Metode pemidanaan diubah dengan metode mediasi antara pihak berwajib, korban, dan pelaku untuk mendapatkan keadilan yang seimbang antara kedua pihak. 

Keadilan restorasi meliputi pemulihan hubungan antara korban dan pelaku. Pemulihan hubungan didasarkan atas kesepakatan bersama antara korban dan pelaku.
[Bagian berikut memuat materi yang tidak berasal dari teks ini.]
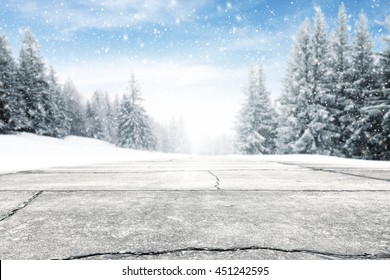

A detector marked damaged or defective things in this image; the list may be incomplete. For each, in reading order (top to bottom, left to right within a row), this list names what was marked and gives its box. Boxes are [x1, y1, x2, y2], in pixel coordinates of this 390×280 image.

Pihak korban dapat menyampaikan mengenai kerugian yang dideritanya dan pelaku diberi kesempatan untuk menebusnya, melalui mekanisme ganti rugi, perdamaian, kerja sosial, maupun kesepakatan-kesepakatan lainnya

Pendekatan ini sangat penting khususnya dalam kasus tindak pidana ringan, mengapa demikian? Sekali lagi, seperti yang gue bilang pemidanaan tidak efektif untuk semua tindak pidana dan hanya akan membuat lapas menjadi over capacity

Jadi, untuk kasus-kasus yang sifatnya ringan dan tidak menimbulkan ancaman pada masyarakat, metode restorative justice sebaiknya diterapkan. Perlu diingat juga, metode ini hanya dilakukan bagi tindak pidana yang tidak membahayakan umum. 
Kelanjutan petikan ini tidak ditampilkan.